NEDS-SLAM: A Neural Explicit Dense Semantic SLAM Framework using 3D Gaussian Splatting
Yiming Ji, Yang Liu, Guanghu Xie, Boyu Ma, Zongwu Xie
TL;DR
NEDS-SLAM addresses robust dense semantic SLAM by embedding high-dimensional semantic features into 3D Gaussian representations and using differentiable Gaussian splatting for real-time rendering. It introduces SCFF to fuse semantic and appearance cues with spatial consistency, a lightweight encoder to compress semantic features into Gaussian parameters, and Virtual Camera View Pruning (VCVP) to identify and attenuate outlier Gaussians from novel virtual views.
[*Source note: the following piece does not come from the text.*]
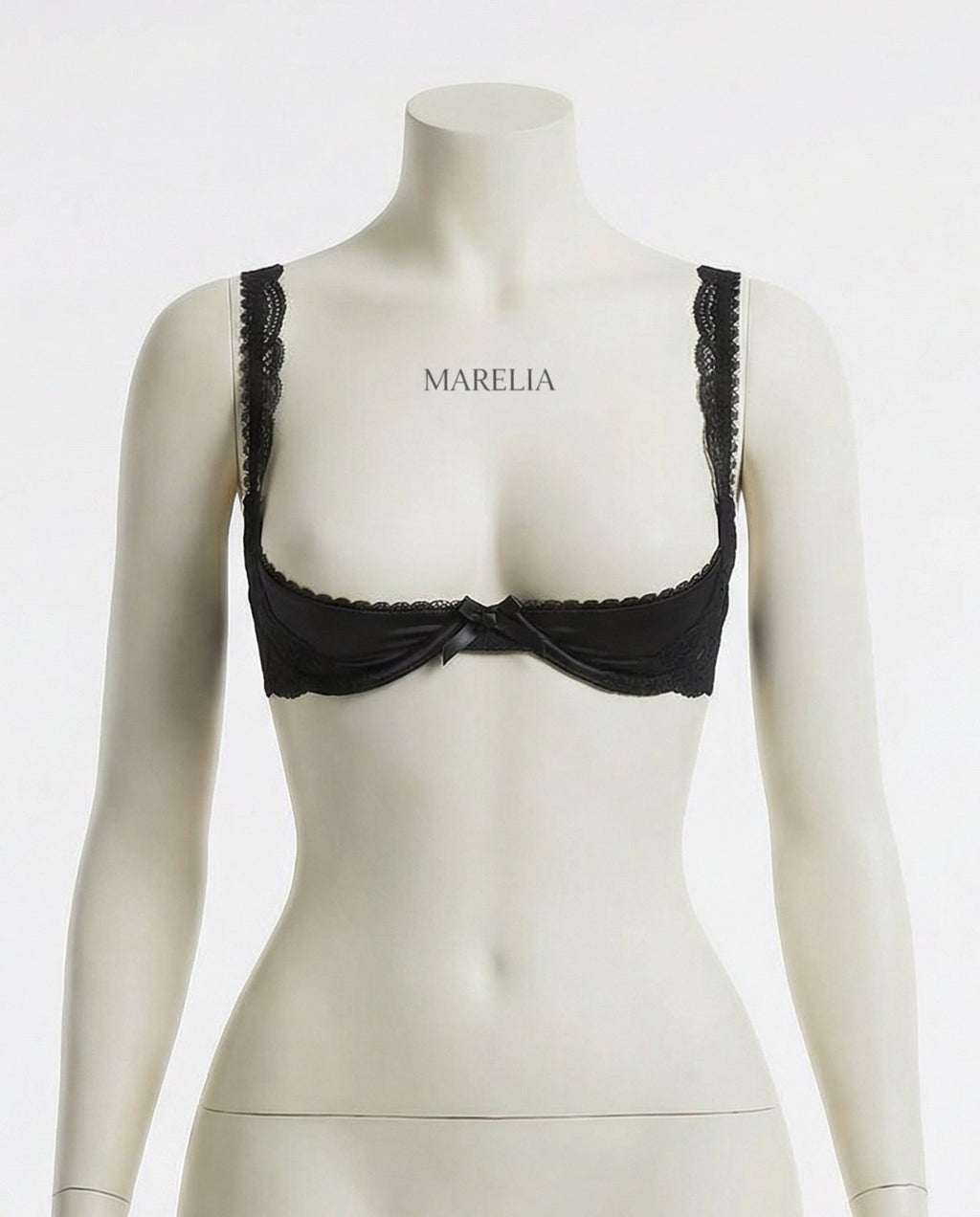 Black Lace Trim Underwire Balconette Bra - Marelia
The system demonstrates improved camera tracking accuracy and semantically rich reconstructions on Replica and ScanNet datasets, outperforming several baselines and showing strong ablations for SCFF and VCVP. This work advances practical neural implicit SLAM by balancing expressive semantic embedding, memory efficiency, and real-time performance for dense semantic scene understanding.
Abstract
We propose NEDS-SLAM, a dense semantic SLAM system based on 3D Gaussian representation, that enables robust 3D semantic mapping, accurate camera tracking, and high-quality rendering in real-time. In the system, we propose a Spatially Consistent Feature Fusion model to reduce the effect of erroneous estimates from pre-trained segmentation head on semantic reconstruction, achieving robust 3D semantic Gaussian mapping. Additionally, we employ a lightweight encoder-decoder to compress the high-dimensional semantic features into a compact 3D Gaussian representation, mitigating the burden of excessive memory consumption. Furthermore, we leverage the advantage of 3D Gaussian splatting, which enables efficient and differentiable novel view rendering, and propose a Virtual Camera View Pruning method to eliminate outlier gaussians, thereby effectively enhancing the quality of scene representations. Our NEDS-SLAM method demonstrates competitive performance over existing dense semantic SLAM methods in terms of mapping and tracking accuracy on Replica and ScanNet datasets, while also showing excellent capabilities in 3D dense semantic mapping.